4
votes

I want to put a kernel density plot for three categories in one single plot and vertical lines to indicate the mean and median of the whole distribution. The plot is rather easy using ggplot2, but I've been struggling to get the legend right and it's been very very hard.

set.seed(1234)
data <- data.frame(value = rgamma(n = 10000, shape = 3, scale = 1),
               type = sample(letters[1:3], size = 10000, replace = TRUE))
data$value[data$type == "b"] <- data$value[data$type == "b"] +
                          rnorm(sum(data$type == "b"), mean = 2)
data$value[data$type == "c"] <- data$value[data$type == "c"] +
                          rnorm(sum(data$type == "c"), mean = 4)

# Let's produce a 'coloured' AND 'filled' density plot
# ('cause I want both the area under the curve and the line to be coloured)
library(ggplot2)
gp <- ggplot(data=data, aes_string(x="value"))
gp <- gp + geom_density(aes_string(fill="type", colour="type"), alpha=0.3)
gp

This gives me the plot and the legend without problem.

plot1

Now, I add the vertical lines and the plot is fine, but the legend is really ugly.

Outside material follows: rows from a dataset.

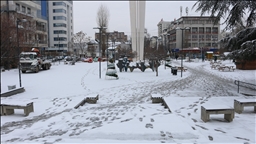 Косово: Снегот ја покри Приштина и ги замрзна патиштата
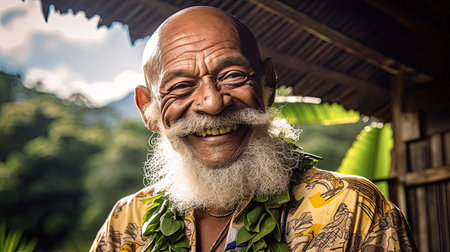 Old Happy Hawaiian Manの素材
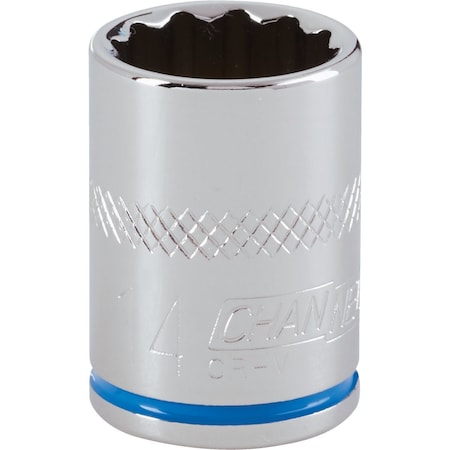 Channellock 3/8'' Drive 14 mm 12-Point Shallow Metric Socket 310212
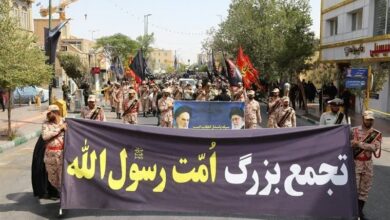 دسته عزاداری و اجتماع عظیم نیروهای مسلح استان قم برگزار شد + تصاویر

# Now let's add vertical lines to the plot, indicating the mean 
# and median for the whole distribution
vlines <- data.frame(mean_median = c(mean(data$value), median(data$value)),
                 labels = c("Mean", "Median"))

gp <- gp + geom_vline(data=vlines,
                  aes(xintercept=mean_median, colour=labels),
                  size=1.05, linetype="dashed", show_guide=TRUE)
gp

plot2

The legend is all mixed-up with the 'coloured' vlines and the 'coloured' and 'filled' density. I indeed want two legends, in one of them the legend for the vlines (two entries) and in the other want the legend for the colours of the density plot.

One workaround is to get the geom_density either coloured or filled, but not both. It works better, but it is not what I want (because I want both, the area and the line of the density plot to have the colour). It goes like this. Instead of doing this:

gp <- gp + geom_density(aes_string(fill="type", colour="type"), alpha=0.3)

I do this:

gp <- gp + geom_density(aes_string(fill="type"), alpha=0.3)

plot3

And the result is ALMOST what I want, but I really want both the area under the curve and the line of the density plot to be coloured.

I've been trying to find a solution all over the web and nothing seems to work. These kind of problems sometimes are tackled using the show_guide of the geoms, because you can override whether or not to plot a legend for individual geoms. I've played with it and it does not work in my case because I need legend from both geoms (density and vlines), and the problem is for having both fill and colour in one of those geoms, plus the colour in the other.

There was a very similar problem posted here in Stack Overflow (bar and line plot in one chart with a legend under ggplot2), but the solution used there (using subset) does not apply in my case.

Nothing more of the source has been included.